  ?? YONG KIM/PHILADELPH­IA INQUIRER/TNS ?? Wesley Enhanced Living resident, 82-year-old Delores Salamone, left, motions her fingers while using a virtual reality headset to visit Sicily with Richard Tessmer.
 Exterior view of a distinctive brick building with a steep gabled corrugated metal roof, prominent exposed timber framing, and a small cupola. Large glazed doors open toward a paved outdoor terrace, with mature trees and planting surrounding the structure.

:::

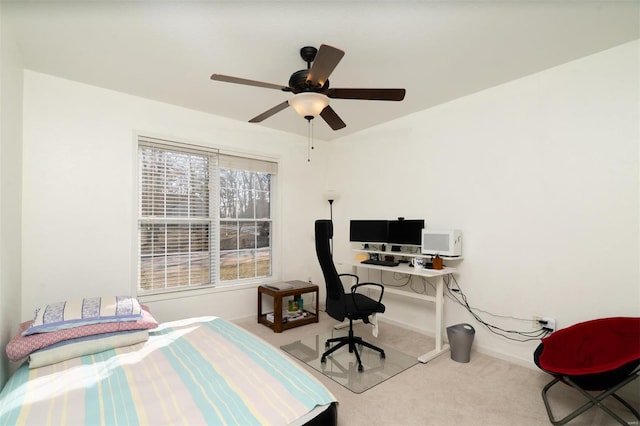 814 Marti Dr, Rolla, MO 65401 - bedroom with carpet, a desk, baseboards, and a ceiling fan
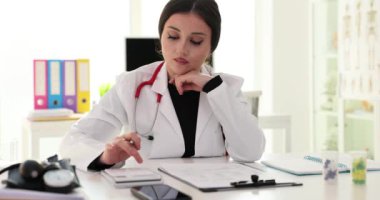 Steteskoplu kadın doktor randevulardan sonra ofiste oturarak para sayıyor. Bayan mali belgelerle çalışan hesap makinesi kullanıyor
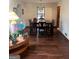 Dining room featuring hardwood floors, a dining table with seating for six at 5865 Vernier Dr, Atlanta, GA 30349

:::

## Prompt
Repeat, word for word, the lines above between the line holding "with Richard Tessmer." and the line holding "Exterior view of", inclusive; omit everything else.

## Solution
  ?? YONG KIM/PHILADELPH­IA INQUIRER/TNS ?? Wesley Enhanced Living resident, 82-year-old Delores Salamone, left, motions her fingers while using a virtual reality headset to visit Sicily with Richard Tessmer.
 Exterior view of a distinctive brick building with a steep gabled corrugated metal roof, prominent exposed timber framing, and a small cupola. Large glazed doors open toward a paved outdoor terrace, with mature trees and planting surrounding the structure.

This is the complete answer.